Class BytesRefHash

  • All Implemented Interfaces:
    Accountable

    public final class BytesRefHash
    extends java.lang.Object
    implements Accountable
    BytesRefHash is a special purpose hash-map like data-structure optimized for BytesRef instances. BytesRefHash maintains mappings of byte arrays to ids (Map<BytesRef,int>) storing the hashed bytes efficiently in continuous storage. The mapping to the id is encapsulated inside BytesRefHash and is guaranteed to be increased for each added BytesRef.

    Note: The maximum capacity BytesRef instance passed to add(BytesRef) must not be longer than ByteBlockPool.BYTE_BLOCK_SIZE-2. The internal storage is limited to 2GB total byte storage.

    • Field Detail

      • BASE_RAM_BYTES

        private static final long BASE_RAM_BYTES
      • bytesStart

        int[] bytesStart
      • hashSize

        private int hashSize
      • hashHalfSize

        private int hashHalfSize
      • hashMask

        private int hashMask
      • count

        private int count
      • lastCount

        private int lastCount
      • ids

        private int[] ids
      • bytesUsed

        private final Counter bytesUsed
    • Method Detail

      • get

        public BytesRef get​(int bytesID,
                            BytesRef ref)
        Populates and returns a BytesRef with the bytes for the given bytesID.

        Note: the given bytesID must be a positive integer less than the current size (size())

        Parameters:
        bytesID - the id
        ref - the BytesRef to populate
        Returns:
        the given BytesRef instance populated with the bytes for the given bytesID
      • compact

        public int[] compact()
        Returns the ids array in arbitrary order. Valid ids start at offset of 0 and end at a limit of size() - 1

        Note: This is a destructive operation. clear() must be called in order to reuse this BytesRefHash instance.

      • sort

        public int[] sort()
        Returns the values array sorted by the referenced byte values.
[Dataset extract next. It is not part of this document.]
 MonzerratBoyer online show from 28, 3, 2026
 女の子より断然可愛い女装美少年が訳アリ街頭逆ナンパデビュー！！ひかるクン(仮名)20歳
        Note: This is a destructive operation. clear() must be called in order to reuse this BytesRefHash instance.

      • shrink

        private boolean shrink​(int targetSize)
      • clear

        public void clear​(boolean resetPool)
        Clears the BytesRef which maps to the given BytesRef
      • clear

        public void clear()
      • close

        public void close()
        Closes the BytesRefHash and releases all internally used memory
      • find

        public int find​(BytesRef bytes)
        Returns the id of the given BytesRef.
        Parameters:
        bytes - the bytes to look for
        Returns:
        the id of the given bytes, or -1 if there is no mapping for the given bytes.
      • findHash

        private int findHash​(BytesRef bytes)
      • addByPoolOffset

        public int addByPoolOffset​(int offset)
        Adds a "arbitrary" int offset instead of a BytesRef term. This is used in the indexer to hold the hash for term vectors, because they do not redundantly store the byte[] term directly and instead reference the byte[] term already stored by the postings BytesRefHash. See add(int textStart) in TermsHashPerField.
      • rehash

        private void rehash​(int newSize,
                            boolean hashOnData)
        Called when hash is too small (> 50% occupied) or too large (< 20% occupied).
      • doHash

        static int doHash​(byte[] bytes,
                          int offset,
                          int length)
      • reinit

        public void reinit()
        reinitializes the BytesRefHash after a previous clear() call. If clear() has not been called previously this method has no effect.
      • byteStart

        public int byteStart​(int bytesID)
        Returns the bytesStart offset into the internally used ByteBlockPool for the given bytesID
        Parameters:
        bytesID - the id to look up
        Returns:
        the bytesStart offset into the internally used ByteBlockPool for the given id
      • ramBytesUsed

        public long ramBytesUsed()
        Description copied from interface: Accountable
        Return the memory usage of this object in bytes. Negative values are illegal.
        Specified by:
        ramBytesUsed in interface Accountable